Transitioning Care: A Caregiver's Role

CURE, Summer 2014, Volume 13, Issue 2

Caregivers are key to transitioning patients throughout the course of care.

When Tammy Meissner’s husband, David, received a diagnosis of lung cancer in May 2013, she immediately assumed the role of caregiver. After all, he had done the same for her when she had breast cancer in 2005.

Meissner, a business owner in Corona, Calif., says she was probably more prepared to be a caregiver than a lot of people. “Having been through it myself, I knew what to expect and how to deal with different things."

Over the course of her husband’s treatment, which included the removal of one lung and several weeks of chemotherapy, Meissner became his “nurse, chief cook and bottle washer,” she says. She drove him to medical appointments, made sure he took his medications on time and cared for him through various experiences, including an unexpected blood clot and blood thinning treatment. It wasn’t easy, Meissner says, but she made it through with help from her husband’s care team at City of Hope in Duarte, Calif.

“They were right there every step of the way,” she says. “They made sure I had the tools, knowledge and support that I needed.”

Meissner is one of a growing number of Americans who find themselves thrust into the challenging role of family caregiver. In fact, a 2012 article in The Journal of Supportive Oncology estimates that of the 1.4 million people who receive a cancer diagnosis each year, nearly all will have family members involved in their care.

The extent of a caregiver’s involvement is predicated on a variety of factors, including the patient’s overall health, type of cancer and treatment regimen. But almost all caregivers play a vital role during care transitions, which can occur throughout the disease trajectory and across multiple settings, according to Anita Mehta, a nurse and co-director of the psychosocial oncology program at McGill University Health Centre in Montreal.

Caregivers make decisions, they make observations, they identify early complications and they are often involved in medication.

“Care transitions can extend from the point of diagnosis to treatment options to a transition to palliative care,” Mehta explains. “Even a transition to remission or survivorship is considered a major transition in terms of impact on the patient and family caregivers.”

Transitions occur in both the hospital and home settings, Mehta adds. For example, within the hospital, transitions can take place across various medical units. Care transitions in the home setting could include readmission to the hospital because of uncontrolled symptoms, going to the emergency room or moving to a palliative care unit or hospice if the patient’s condition warrants it.

Over the course of the illness, which could extend from months to years, family caregivers might be asked to perform a variety of tasks. “Caregivers make decisions, they make observations, they identify early complications and they are often involved in medication,” says Barbara Given, a nursing professor at Michigan State University in East Lansing. “It’s a huge responsibility.”

So, how can caregivers better prepare themselves for the transition from hospital to home? Eric A. Coleman, director of the care transitions program at the University of Colorado in Aurora, has developed Care Transitions Intervention (caretransitions.org), a program that strives to improve patient care by providing patients and family caregivers the skills, tools and the confidence they need to make transitions across care settings.

A key element of the program is a home visit and three phone calls from a transitions coach, traditionally a nurse or social worker.
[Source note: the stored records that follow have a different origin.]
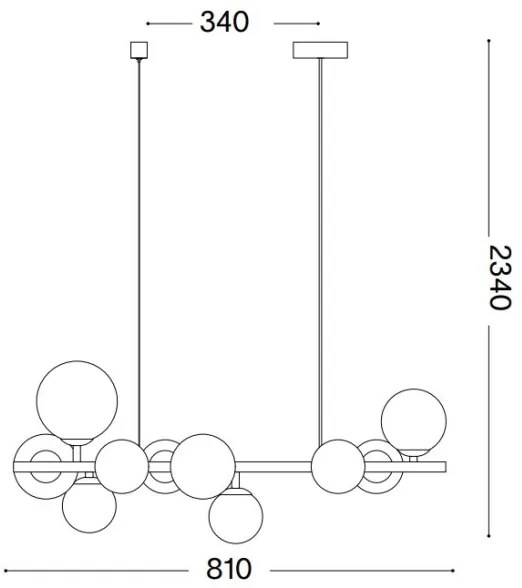 Ideal Lux - Lustră LED suspendată pe cablu PERLAGE, 10 x G9, 3 W, 230 V, 81 cm, auriu/fumuriu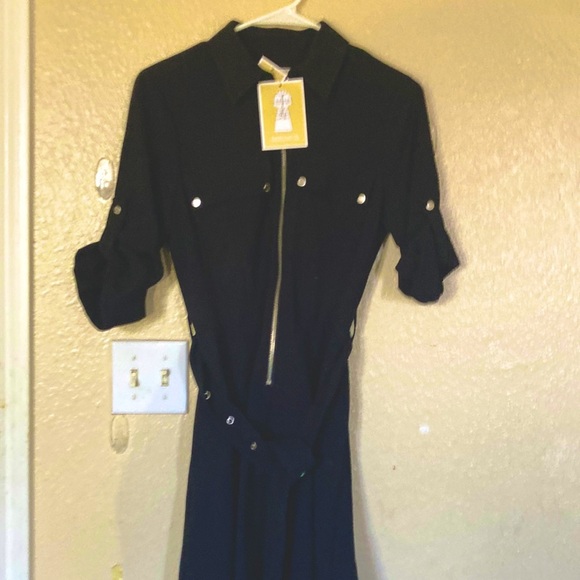 Michael Kors Dresses & Skirts - Black Michael kors belted dress  new  size small shirt sleeve a great business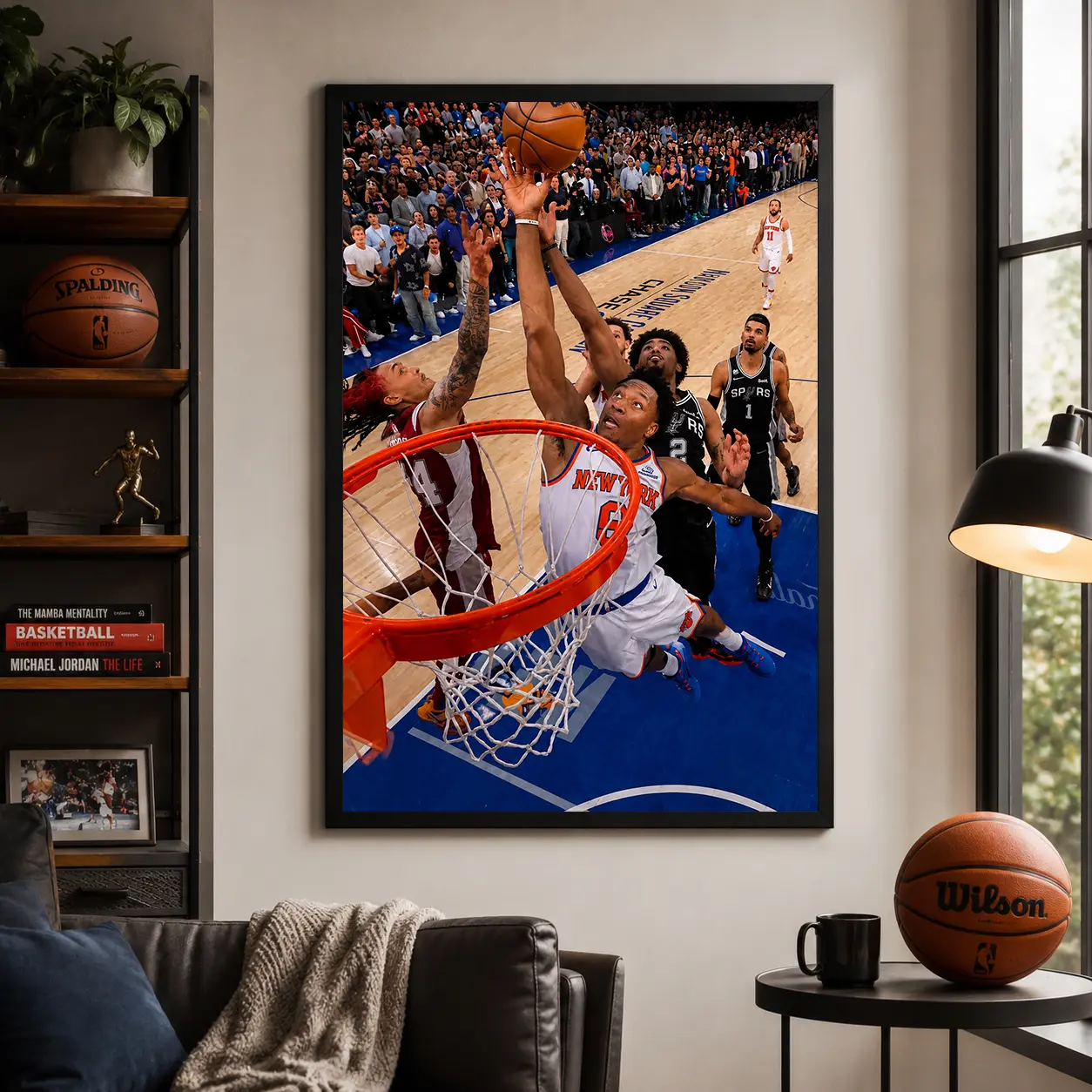 Jalen Brunson Wins the Championship, New York Knicks Poster Decor, NBA Final Championship Poster, Basketball Sport Graphic Print Canvas Poster Decor For Office Bedroom Living Room Dorm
With duties that are distinct from those of other healthcare professionals who provide skilled services in the home, the transitions coach focuses on transferring core management skills that patients and families have identified as being most needed. These include administering medications, recognizing warning signs that could indicate a worsening of the patient’s condition and knowing how to respond, as well as coordinating timely follow-up care and managing and using a patient’s personal health record to facilitate communication.

Developing these skills can enable family caregivers to become more informed and effective members of the patient’s care team and help them make sure the patient avoids health complications and potential readmission to the hospital.

More than 900 healthcare organizations in 43 states have adopted the Care Transitions Intervention, Coleman, says, and the benefits are many. Foremost among them, he says, is that patients who have participated in the program were less likely to be readmitted to the hospital, and the benefits were sustained for several months following the one-month intervention.

“Thus, rather than simply managing post-hospital care in a reactive manner, imparting [these] skills pays dividends long after the program ends,” Coleman says.

Caregivers make decisions, they make observations, they identify early complications and they are often involved in medication. It’s a huge responsibility.”

Given says family caregivers now have a “major role and should be considered an integral part of the healthcare system.”

“Traditionally, when patients were diagnosed, a lot of care was given in hospitals and acute care settings,” Given says. “And a lot of the treatment happened there, so families were sort of peripheral. The issues now are such that the family is actually responsible for [most] of the care.”

Although Meissner didn’t participate in a transition program, she says “most caregivers would find that type of program helpful.”

“Family caregivers really need to take advantage of all the resources available to them,” Meissner adds. “It can help tremendously.”